== Exercise objective ==
Exactly as they appear, set down all of the records.

== Exercise inputs ==
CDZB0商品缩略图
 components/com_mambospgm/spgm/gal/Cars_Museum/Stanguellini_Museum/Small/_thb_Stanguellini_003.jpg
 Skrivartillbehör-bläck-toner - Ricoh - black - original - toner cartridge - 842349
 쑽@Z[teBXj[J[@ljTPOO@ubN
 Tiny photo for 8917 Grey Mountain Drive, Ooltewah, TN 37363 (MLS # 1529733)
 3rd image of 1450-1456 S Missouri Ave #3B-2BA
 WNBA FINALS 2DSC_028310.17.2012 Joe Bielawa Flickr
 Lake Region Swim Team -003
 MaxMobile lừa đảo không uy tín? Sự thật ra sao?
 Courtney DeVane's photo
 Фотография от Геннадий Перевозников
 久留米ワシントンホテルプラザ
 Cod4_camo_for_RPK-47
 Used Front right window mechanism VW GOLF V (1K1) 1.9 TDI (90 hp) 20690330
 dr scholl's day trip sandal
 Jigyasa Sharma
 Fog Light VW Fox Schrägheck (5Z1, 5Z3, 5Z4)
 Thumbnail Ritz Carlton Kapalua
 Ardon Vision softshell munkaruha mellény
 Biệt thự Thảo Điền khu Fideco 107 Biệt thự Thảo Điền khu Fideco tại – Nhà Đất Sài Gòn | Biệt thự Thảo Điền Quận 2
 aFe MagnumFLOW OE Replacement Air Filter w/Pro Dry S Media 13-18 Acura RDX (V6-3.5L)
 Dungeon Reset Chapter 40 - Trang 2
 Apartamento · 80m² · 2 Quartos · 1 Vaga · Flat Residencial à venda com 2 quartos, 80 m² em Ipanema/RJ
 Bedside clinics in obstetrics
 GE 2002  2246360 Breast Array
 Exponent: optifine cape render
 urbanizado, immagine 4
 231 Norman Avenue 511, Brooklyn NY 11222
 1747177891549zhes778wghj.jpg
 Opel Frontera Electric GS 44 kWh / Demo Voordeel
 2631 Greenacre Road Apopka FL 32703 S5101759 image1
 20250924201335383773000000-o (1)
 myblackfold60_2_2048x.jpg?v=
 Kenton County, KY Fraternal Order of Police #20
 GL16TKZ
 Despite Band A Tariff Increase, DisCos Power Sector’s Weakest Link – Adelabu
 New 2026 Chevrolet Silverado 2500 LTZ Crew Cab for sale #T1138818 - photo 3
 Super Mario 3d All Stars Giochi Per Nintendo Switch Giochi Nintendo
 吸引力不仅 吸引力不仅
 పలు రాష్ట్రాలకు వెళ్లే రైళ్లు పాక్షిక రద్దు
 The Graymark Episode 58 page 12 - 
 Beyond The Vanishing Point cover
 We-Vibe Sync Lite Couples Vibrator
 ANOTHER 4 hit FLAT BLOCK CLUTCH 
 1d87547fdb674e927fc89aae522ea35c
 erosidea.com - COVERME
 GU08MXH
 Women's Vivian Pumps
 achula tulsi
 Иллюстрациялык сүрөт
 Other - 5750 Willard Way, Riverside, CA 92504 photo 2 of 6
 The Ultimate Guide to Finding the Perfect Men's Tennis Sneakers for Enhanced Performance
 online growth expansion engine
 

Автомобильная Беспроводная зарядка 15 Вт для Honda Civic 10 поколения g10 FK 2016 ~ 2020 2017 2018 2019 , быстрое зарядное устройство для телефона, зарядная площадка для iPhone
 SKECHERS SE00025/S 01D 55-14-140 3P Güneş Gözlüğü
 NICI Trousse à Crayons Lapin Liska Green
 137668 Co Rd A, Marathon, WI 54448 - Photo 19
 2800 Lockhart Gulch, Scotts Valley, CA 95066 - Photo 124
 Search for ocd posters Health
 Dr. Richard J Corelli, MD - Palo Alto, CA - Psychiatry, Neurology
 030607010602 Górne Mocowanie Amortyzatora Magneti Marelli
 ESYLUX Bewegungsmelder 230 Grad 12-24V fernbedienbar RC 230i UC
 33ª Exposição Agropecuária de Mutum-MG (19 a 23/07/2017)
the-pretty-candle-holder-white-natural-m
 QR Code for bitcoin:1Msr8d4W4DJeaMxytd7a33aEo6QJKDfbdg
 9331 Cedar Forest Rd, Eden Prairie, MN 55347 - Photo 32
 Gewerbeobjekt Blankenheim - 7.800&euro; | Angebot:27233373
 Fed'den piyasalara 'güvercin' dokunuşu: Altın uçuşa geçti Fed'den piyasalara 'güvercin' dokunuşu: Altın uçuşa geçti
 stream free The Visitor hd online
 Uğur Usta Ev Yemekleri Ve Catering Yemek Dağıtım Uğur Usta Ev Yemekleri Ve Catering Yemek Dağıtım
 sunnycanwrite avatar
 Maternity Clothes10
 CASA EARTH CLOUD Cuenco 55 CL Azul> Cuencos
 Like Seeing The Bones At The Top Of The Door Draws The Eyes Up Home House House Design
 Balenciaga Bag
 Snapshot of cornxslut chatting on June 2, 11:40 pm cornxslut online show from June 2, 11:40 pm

== Output ==
CDZB0商品缩略图
 components/com_mambospgm/spgm/gal/Cars_Museum/Stanguellini_Museum/Small/_thb_Stanguellini_003.jpg
 Skrivartillbehör-bläck-toner - Ricoh - black - original - toner cartridge - 842349
 쑽@Z[teBXj[J[@ljTPOO@ubN
 Tiny photo for 8917 Grey Mountain Drive, Ooltewah, TN 37363 (MLS # 1529733)
 3rd image of 1450-1456 S Missouri Ave #3B-2BA
 WNBA FINALS 2DSC_028310.17.2012 Joe Bielawa Flickr
 Lake Region Swim Team -003
 MaxMobile lừa đảo không uy tín? Sự thật ra sao?
 Courtney DeVane's photo
 Фотография от Геннадий Перевозников
 久留米ワシントンホテルプラザ
 Cod4_camo_for_RPK-47
 Used Front right window mechanism VW GOLF V (1K1) 1.9 TDI (90 hp) 20690330
 dr scholl's day trip sandal
 Jigyasa Sharma
 Fog Light VW Fox Schrägheck (5Z1, 5Z3, 5Z4)
 Thumbnail Ritz Carlton Kapalua
 Ardon Vision softshell munkaruha mellény
 Biệt thự Thảo Điền khu Fideco 107 Biệt thự Thảo Điền khu Fideco tại – Nhà Đất Sài Gòn | Biệt thự Thảo Điền Quận 2
 aFe MagnumFLOW OE Replacement Air Filter w/Pro Dry S Media 13-18 Acura RDX (V6-3.5L)
 Dungeon Reset Chapter 40 - Trang 2
 Apartamento · 80m² · 2 Quartos · 1 Vaga · Flat Residencial à venda com 2 quartos, 80 m² em Ipanema/RJ
 Bedside clinics in obstetrics
 GE 2002  2246360 Breast Array
 Exponent: optifine cape render
 urbanizado, immagine 4
 231 Norman Avenue 511, Brooklyn NY 11222
 1747177891549zhes778wghj.jpg
 Opel Frontera Electric GS 44 kWh / Demo Voordeel
 2631 Greenacre Road Apopka FL 32703 S5101759 image1
 20250924201335383773000000-o (1)
 myblackfold60_2_2048x.jpg?v=
 Kenton County, KY Fraternal Order of Police #20
 GL16TKZ
 Despite Band A Tariff Increase, DisCos Power Sector’s Weakest Link – Adelabu
 New 2026 Chevrolet Silverado 2500 LTZ Crew Cab for sale #T1138818 - photo 3
 Super Mario 3d All Stars Giochi Per Nintendo Switch Giochi Nintendo
 吸引力不仅 吸引力不仅
 పలు రాష్ట్రాలకు వెళ్లే రైళ్లు పాక్షిక రద్దు
 The Graymark Episode 58 page 12 - 
 Beyond The Vanishing Point cover
 We-Vibe Sync Lite Couples Vibrator
 ANOTHER 4 hit FLAT BLOCK CLUTCH 
 1d87547fdb674e927fc89aae522ea35c
 erosidea.com - COVERME
 GU08MXH
 Women's Vivian Pumps
 achula tulsi
 Иллюстрациялык сүрөт
 Other - 5750 Willard Way, Riverside, CA 92504 photo 2 of 6
 The Ultimate Guide to Finding the Perfect Men's Tennis Sneakers for Enhanced Performance
 online growth expansion engine
 

Автомобильная Беспроводная зарядка 15 Вт для Honda Civic 10 поколения g10 FK 2016 ~ 2020 2017 2018 2019 , быстрое зарядное устройство для телефона, зарядная площадка для iPhone
 SKECHERS SE00025/S 01D 55-14-140 3P Güneş Gözlüğü
 NICI Trousse à Crayons Lapin Liska Green
 137668 Co Rd A, Marathon, WI 54448 - Photo 19
 2800 Lockhart Gulch, Scotts Valley, CA 95066 - Photo 124
 Search for ocd posters Health
 Dr. Richard J Corelli, MD - Palo Alto, CA - Psychiatry, Neurology
 030607010602 Górne Mocowanie Amortyzatora Magneti Marelli
 ESYLUX Bewegungsmelder 230 Grad 12-24V fernbedienbar RC 230i UC
 33ª Exposição Agropecuária de Mutum-MG (19 a 23/07/2017)
the-pretty-candle-holder-white-natural-m
 QR Code for bitcoin:1Msr8d4W4DJeaMxytd7a33aEo6QJKDfbdg
 9331 Cedar Forest Rd, Eden Prairie, MN 55347 - Photo 32
 Gewerbeobjekt Blankenheim - 7.800&euro; | Angebot:27233373
 Fed'den piyasalara 'güvercin' dokunuşu: Altın uçuşa geçti Fed'den piyasalara 'güvercin' dokunuşu: Altın uçuşa geçti
 stream free The Visitor hd online
 Uğur Usta Ev Yemekleri Ve Catering Yemek Dağıtım Uğur Usta Ev Yemekleri Ve Catering Yemek Dağıtım
 sunnycanwrite avatar
 Maternity Clothes10
 CASA EARTH CLOUD Cuenco 55 CL Azul> Cuencos
 Like Seeing The Bones At The Top Of The Door Draws The Eyes Up Home House House Design
 Balenciaga Bag
 Snapshot of cornxslut chatting on June 2, 11:40 pm cornxslut online show from June 2, 11:40 pm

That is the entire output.